TASK MATERIAL:
★ ★ ★

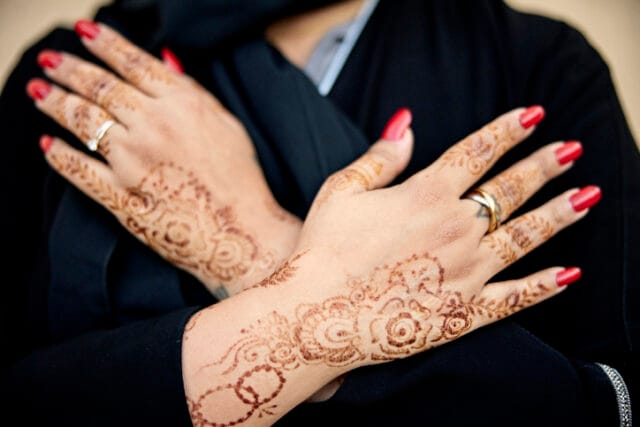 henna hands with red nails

★ ★ ★

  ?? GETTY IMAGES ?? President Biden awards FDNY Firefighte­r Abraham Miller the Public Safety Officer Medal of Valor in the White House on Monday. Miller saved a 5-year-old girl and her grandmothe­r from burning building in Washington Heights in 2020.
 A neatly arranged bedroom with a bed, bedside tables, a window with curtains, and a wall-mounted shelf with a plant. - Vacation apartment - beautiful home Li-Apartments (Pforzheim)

★ ★ ★

ACTIVITY: What is needed is an exact copy of the lines above, from the one containing "Heights in 2020." through the one containing "A neatly arranged", with nothing added.

SOLUTION FOR THIS PROBLEM:
  ?? GETTY IMAGES ?? President Biden awards FDNY Firefighte­r Abraham Miller the Public Safety Officer Medal of Valor in the White House on Monday. Miller saved a 5-year-old girl and her grandmothe­r from burning building in Washington Heights in 2020.
 A neatly arranged bedroom with a bed, bedside tables, a window with curtains, and a wall-mounted shelf with a plant. - Vacation apartment - beautiful home Li-Apartments (Pforzheim)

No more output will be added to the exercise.